Clean and Merge Housing Data
Company: Capital One
Role: Data Scientist
Category: Data Manipulation (SQL/Python)
Difficulty: easy
Interview Round: Onsite
You are given two pandas DataFrames from a house-price screening exercise.
`house_sales_raw`
- `listing_id` INT
- `sale_price` FLOAT, nullable in rows reserved for scoring
- `sqft_living` STRING
- `lot_size` STRING
- `bedrooms` STRING
- `bathrooms` STRING
- `year_built` STRING
- `zipcode` STRING
- `house_type` STRING
- `garage_spaces` STRING, nullable
- `condition_score` STRING, nullable
`zipcode_features`
- `zipcode` STRING
- `median_income` FLOAT
- `school_score` FLOAT
Relationship:
- `house_sales_raw.zipcode = zipcode_features.zipcode`
Tasks:
1. Convert numeric-like string columns to the correct pandas numeric dtype.
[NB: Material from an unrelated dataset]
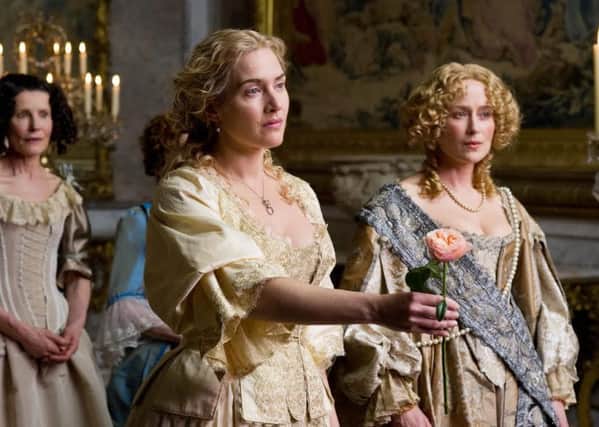 Kate Winslet starring in A Little Chaos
Invalid parses should become null rather than causing failures.
2. Merge `house_sales_raw` with `zipcode_features` on `zipcode`.
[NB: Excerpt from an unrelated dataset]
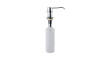 Dispensador de jabón cromo brillo Dispensador De Jabón Cromo Brillo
3. Fill missing values using simple imputation rules: median for numeric columns, mode for categorical columns, and create explicit indicator columns for imputed fields where appropriate.
4. Return a cleaned DataFrame with one row per `listing_id` and the following output columns:
`listing_id, sale_price, sqft_living, lot_size, bedrooms, bathrooms, year_built, zipcode, house_type, garage_spaces, condition_score, median_income, school_score`.
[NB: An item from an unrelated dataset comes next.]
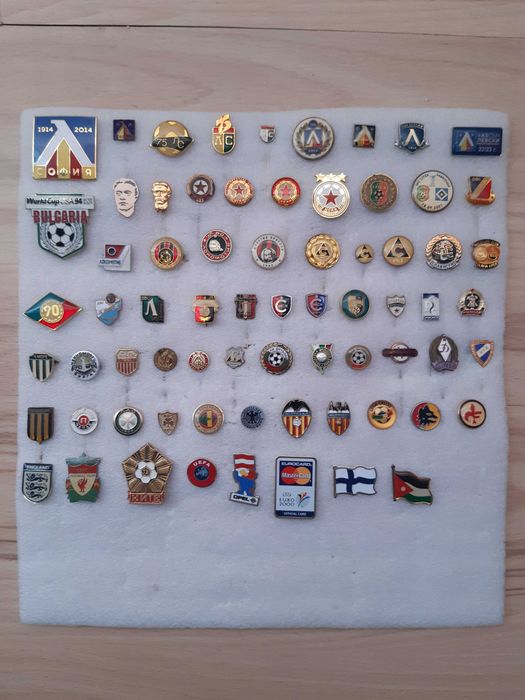 Колекционерски футболни значки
You may assume the exercise is purely tabular and no timezone handling is needed.
Quick Answer: This question evaluates data cleaning, type coercion, robust merge operations, and missing-data imputation skills within tabular datasets, emphasizing pandas-based DataFrame manipulation and integration of auxiliary zipcode features.